#### WORK INSTRUCTION
Your answer should be only the lines below from the one with "Aug 31 Ages" to the one with "ユニクロ UNIQLO パフテックコンパクトベスト メンズ JPN:L", repeated exactly, ends included.

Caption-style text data

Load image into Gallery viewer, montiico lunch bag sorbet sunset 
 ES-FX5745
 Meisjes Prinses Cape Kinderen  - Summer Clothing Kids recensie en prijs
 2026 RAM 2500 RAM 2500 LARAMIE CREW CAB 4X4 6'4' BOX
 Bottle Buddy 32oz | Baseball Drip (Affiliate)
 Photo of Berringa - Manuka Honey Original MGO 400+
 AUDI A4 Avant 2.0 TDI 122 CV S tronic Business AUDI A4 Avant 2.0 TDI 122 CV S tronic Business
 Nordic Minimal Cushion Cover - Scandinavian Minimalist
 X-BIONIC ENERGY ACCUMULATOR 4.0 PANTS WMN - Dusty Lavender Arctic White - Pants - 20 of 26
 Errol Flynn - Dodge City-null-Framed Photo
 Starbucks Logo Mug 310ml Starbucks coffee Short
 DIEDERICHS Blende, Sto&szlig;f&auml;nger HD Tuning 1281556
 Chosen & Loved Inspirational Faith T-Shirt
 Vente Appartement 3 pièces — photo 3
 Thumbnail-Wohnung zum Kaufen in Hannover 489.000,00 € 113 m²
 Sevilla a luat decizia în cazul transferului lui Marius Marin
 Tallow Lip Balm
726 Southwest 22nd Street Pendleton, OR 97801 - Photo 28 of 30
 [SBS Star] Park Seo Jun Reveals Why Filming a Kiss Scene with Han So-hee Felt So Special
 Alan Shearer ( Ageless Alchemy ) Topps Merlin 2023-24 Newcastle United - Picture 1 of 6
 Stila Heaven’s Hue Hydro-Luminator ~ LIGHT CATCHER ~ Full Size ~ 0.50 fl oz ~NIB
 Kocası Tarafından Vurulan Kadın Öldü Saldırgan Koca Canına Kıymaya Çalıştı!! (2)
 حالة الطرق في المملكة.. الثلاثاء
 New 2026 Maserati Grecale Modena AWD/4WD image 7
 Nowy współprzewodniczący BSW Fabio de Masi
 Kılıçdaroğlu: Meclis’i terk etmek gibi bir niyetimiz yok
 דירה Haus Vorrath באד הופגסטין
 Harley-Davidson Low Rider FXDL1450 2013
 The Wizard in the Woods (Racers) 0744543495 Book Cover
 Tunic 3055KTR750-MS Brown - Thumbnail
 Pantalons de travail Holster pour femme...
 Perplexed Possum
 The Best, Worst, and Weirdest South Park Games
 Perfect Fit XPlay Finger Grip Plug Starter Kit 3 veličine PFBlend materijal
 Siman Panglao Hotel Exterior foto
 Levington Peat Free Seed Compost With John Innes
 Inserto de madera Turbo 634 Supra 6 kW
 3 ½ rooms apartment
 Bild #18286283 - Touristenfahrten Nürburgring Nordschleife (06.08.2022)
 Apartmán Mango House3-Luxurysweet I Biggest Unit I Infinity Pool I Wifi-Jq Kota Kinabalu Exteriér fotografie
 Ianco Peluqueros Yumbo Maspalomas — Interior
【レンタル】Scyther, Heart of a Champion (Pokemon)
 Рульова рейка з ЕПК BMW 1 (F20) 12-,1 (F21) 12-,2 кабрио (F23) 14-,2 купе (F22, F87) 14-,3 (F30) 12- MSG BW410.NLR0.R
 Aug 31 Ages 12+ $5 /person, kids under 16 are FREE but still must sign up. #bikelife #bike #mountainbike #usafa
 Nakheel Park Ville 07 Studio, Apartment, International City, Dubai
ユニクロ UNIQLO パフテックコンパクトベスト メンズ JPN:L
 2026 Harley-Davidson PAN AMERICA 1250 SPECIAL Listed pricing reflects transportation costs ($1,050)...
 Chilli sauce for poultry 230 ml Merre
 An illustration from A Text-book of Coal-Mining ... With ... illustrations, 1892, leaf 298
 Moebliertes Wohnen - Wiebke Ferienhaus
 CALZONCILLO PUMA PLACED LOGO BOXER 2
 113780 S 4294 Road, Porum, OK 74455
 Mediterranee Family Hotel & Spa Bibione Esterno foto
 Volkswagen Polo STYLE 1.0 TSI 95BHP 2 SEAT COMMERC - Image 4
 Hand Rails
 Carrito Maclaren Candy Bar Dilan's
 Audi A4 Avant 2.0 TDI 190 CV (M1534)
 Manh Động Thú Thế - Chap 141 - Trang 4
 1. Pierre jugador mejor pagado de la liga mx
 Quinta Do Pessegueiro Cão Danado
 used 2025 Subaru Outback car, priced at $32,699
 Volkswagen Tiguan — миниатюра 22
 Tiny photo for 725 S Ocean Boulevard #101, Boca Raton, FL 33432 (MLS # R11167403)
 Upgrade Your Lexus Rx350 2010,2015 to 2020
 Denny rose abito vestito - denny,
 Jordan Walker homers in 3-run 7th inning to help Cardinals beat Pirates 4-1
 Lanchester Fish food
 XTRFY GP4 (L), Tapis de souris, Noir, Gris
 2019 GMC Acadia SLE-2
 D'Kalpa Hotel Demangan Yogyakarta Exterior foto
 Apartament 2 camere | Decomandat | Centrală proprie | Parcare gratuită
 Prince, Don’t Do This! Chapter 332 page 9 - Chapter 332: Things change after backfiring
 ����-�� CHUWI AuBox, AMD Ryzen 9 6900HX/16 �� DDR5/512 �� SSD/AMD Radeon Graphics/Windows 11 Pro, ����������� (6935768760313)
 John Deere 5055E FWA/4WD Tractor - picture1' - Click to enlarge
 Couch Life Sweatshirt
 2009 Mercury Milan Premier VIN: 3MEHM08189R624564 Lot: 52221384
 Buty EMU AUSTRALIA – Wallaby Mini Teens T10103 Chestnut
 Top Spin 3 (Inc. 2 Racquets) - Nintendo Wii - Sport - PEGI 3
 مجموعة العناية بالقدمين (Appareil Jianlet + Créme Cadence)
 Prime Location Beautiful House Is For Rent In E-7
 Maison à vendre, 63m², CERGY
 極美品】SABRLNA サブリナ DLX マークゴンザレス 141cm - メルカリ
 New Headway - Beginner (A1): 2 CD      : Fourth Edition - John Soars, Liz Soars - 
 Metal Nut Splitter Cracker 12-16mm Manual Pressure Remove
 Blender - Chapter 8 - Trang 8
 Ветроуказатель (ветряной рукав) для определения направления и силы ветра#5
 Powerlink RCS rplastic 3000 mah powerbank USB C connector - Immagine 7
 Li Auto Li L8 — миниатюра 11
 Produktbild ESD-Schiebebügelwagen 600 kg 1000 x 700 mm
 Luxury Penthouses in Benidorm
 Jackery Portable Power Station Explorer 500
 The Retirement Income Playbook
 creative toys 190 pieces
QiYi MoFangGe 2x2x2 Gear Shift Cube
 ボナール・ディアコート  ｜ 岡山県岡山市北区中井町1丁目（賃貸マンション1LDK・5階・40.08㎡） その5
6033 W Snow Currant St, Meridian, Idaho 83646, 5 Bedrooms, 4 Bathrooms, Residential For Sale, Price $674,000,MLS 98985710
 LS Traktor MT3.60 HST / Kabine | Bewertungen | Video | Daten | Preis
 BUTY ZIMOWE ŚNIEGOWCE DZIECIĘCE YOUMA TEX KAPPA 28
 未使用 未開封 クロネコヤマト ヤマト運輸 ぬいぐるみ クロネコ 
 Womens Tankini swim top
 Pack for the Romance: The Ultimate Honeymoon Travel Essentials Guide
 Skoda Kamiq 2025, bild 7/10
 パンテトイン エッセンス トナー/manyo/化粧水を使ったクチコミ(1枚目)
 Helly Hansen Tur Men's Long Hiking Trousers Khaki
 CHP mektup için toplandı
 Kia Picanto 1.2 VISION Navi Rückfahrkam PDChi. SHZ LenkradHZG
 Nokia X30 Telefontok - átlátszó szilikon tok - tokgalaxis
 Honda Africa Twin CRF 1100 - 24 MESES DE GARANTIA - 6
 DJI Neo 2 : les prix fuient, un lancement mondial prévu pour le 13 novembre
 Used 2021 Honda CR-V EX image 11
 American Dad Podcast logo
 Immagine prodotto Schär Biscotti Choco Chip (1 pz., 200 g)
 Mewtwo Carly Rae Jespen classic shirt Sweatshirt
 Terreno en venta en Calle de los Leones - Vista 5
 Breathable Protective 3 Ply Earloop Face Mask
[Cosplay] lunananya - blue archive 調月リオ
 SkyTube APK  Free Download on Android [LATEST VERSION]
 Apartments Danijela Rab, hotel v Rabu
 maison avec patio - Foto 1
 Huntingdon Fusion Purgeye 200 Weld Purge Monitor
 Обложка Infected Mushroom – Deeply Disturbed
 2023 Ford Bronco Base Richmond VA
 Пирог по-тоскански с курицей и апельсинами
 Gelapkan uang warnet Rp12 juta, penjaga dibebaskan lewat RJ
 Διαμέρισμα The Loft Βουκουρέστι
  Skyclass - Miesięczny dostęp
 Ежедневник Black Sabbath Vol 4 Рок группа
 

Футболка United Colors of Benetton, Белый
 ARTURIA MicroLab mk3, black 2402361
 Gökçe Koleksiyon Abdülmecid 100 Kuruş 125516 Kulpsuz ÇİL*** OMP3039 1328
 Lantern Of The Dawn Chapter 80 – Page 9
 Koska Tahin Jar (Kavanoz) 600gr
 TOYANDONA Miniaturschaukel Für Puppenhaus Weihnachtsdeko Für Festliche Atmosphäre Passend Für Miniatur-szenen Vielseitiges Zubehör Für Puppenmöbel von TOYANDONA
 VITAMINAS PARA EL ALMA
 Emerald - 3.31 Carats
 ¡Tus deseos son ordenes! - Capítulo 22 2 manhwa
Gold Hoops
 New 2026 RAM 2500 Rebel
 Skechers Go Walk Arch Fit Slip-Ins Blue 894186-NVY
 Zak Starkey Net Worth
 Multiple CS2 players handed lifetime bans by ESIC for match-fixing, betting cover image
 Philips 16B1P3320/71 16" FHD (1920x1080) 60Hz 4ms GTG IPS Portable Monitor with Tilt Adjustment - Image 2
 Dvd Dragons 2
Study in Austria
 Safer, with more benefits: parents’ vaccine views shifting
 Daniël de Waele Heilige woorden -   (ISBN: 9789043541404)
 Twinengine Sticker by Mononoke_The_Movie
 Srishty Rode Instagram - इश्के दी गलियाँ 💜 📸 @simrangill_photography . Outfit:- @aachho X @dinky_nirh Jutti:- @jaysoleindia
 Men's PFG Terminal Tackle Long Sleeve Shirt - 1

#### WRITTEN RESPONSE
 Aug 31 Ages 12+ $5 /person, kids under 16 are FREE but still must sign up. #bikelife #bike #mountainbike #usafa
 Nakheel Park Ville 07 Studio, Apartment, International City, Dubai
ユニクロ UNIQLO パフテックコンパクトベスト メンズ JPN:L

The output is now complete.